Image-caption web data:
---

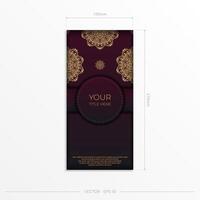 Luxurious vector postcard in burgundy color with vintage ornament. Invitation card design with mandala patterns.
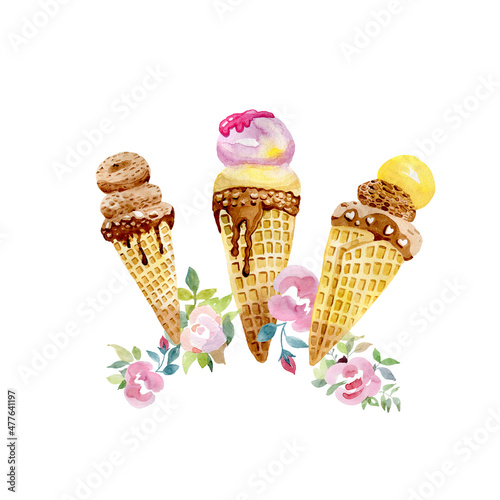 Chocolate Strawberry Berry Ice Cream Cone Rose Flowers Watercolor Square Composition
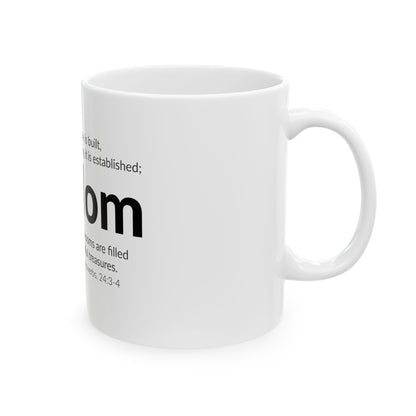 WISDOM | Faithware Collection – Ceramic Mug | Proverbs 24:3- (white)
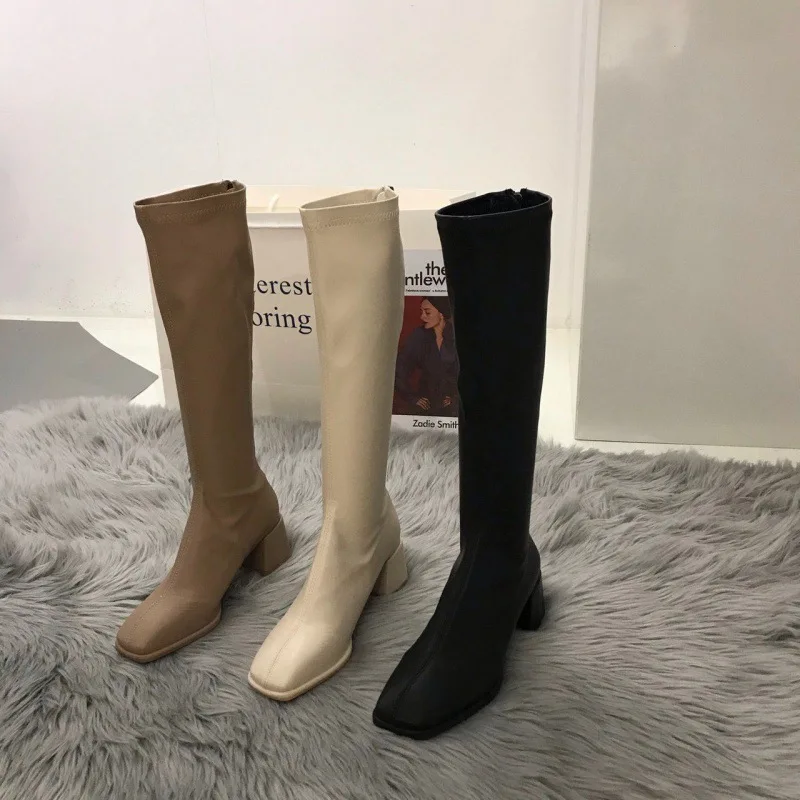2021 Hot sale high heel stretch thin Martin boots knight high boots spring and autumn single boots
2021 Hot sale high heel stretch thin Martin boots knight high boots spring and autumn single boots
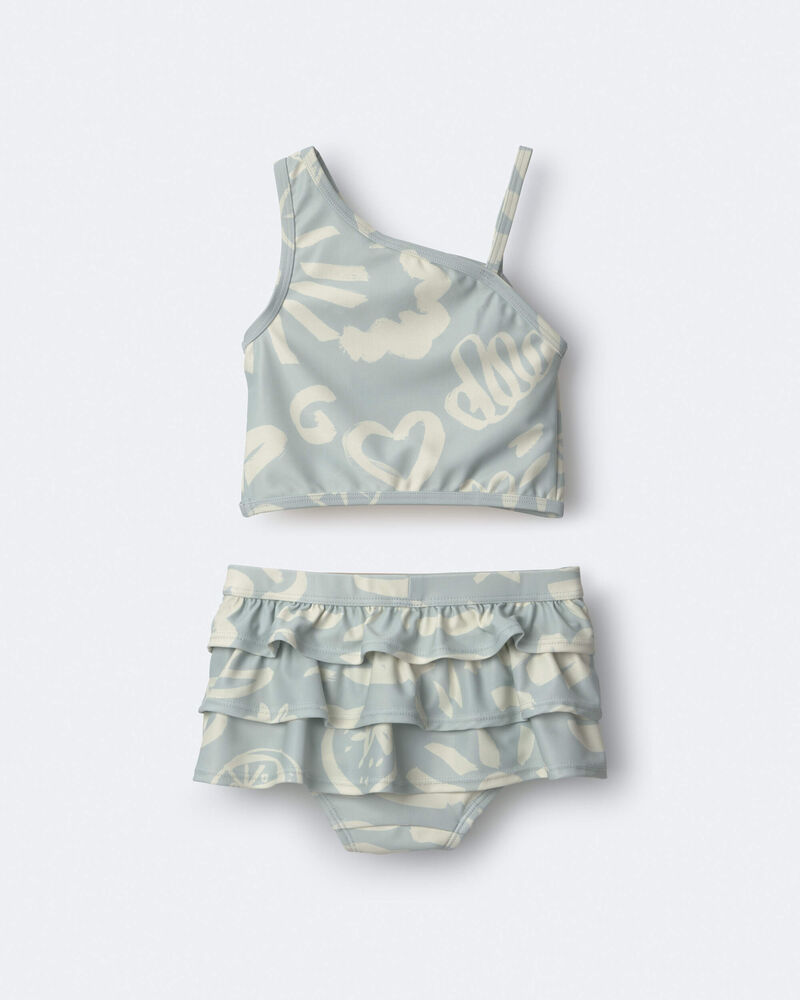Toddler Girl Tropical One-Shoulder Ruffle Tankini Set - Sage, image 6 of 7 slides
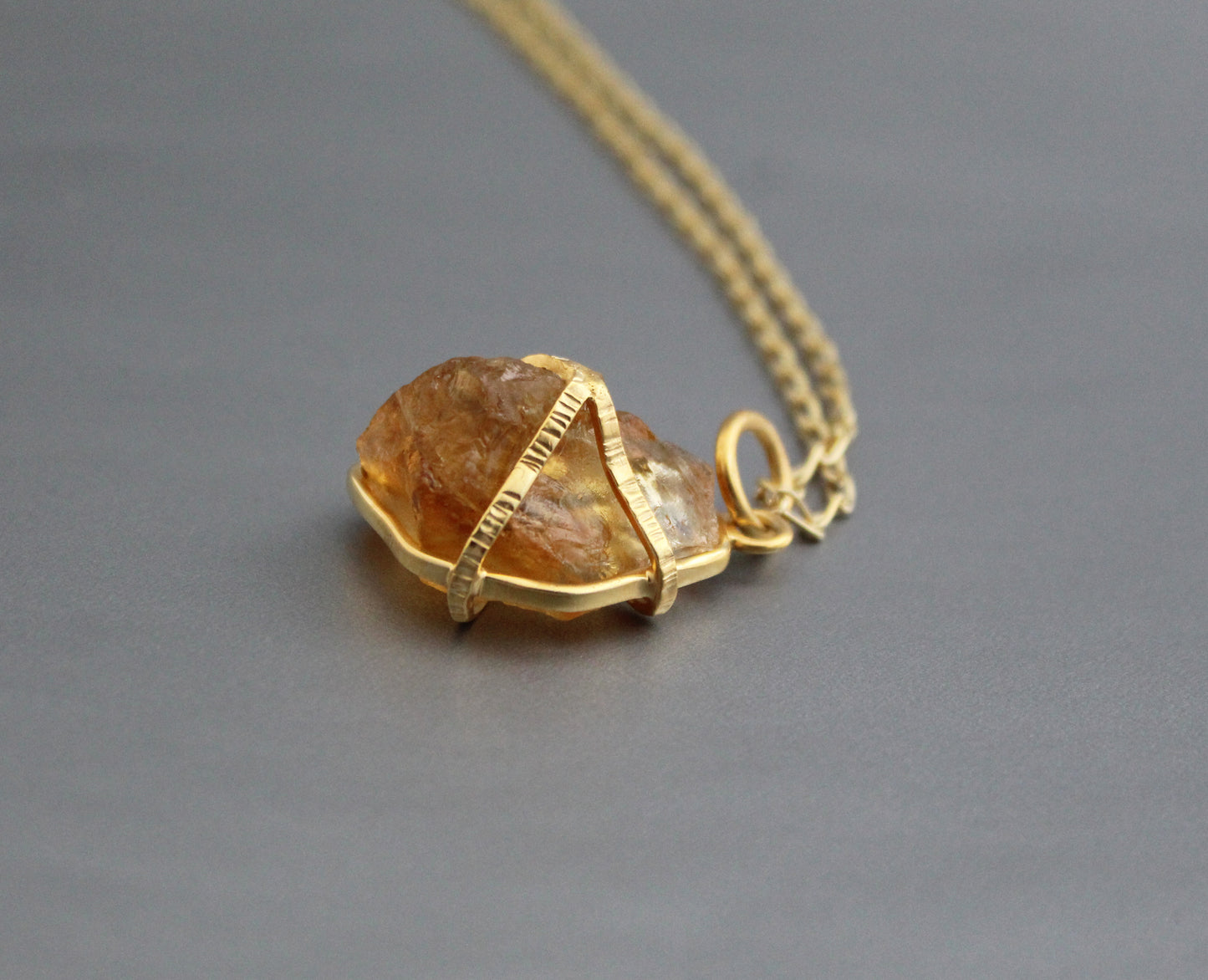 Citrine Necklace, Raw Stone Necklace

---

All that should be returned is the run of lines from the start of the entries above to the line bearing "WISDOM | Faithware", each exact, with pictures omitted.

Result of this task:
 Luxurious vector postcard in burgundy color with vintage ornament. Invitation card design with mandala patterns.
 Chocolate Strawberry Berry Ice Cream Cone Rose Flowers Watercolor Square Composition
 WISDOM | Faithware Collection – Ceramic Mug | Proverbs 24:3- (white)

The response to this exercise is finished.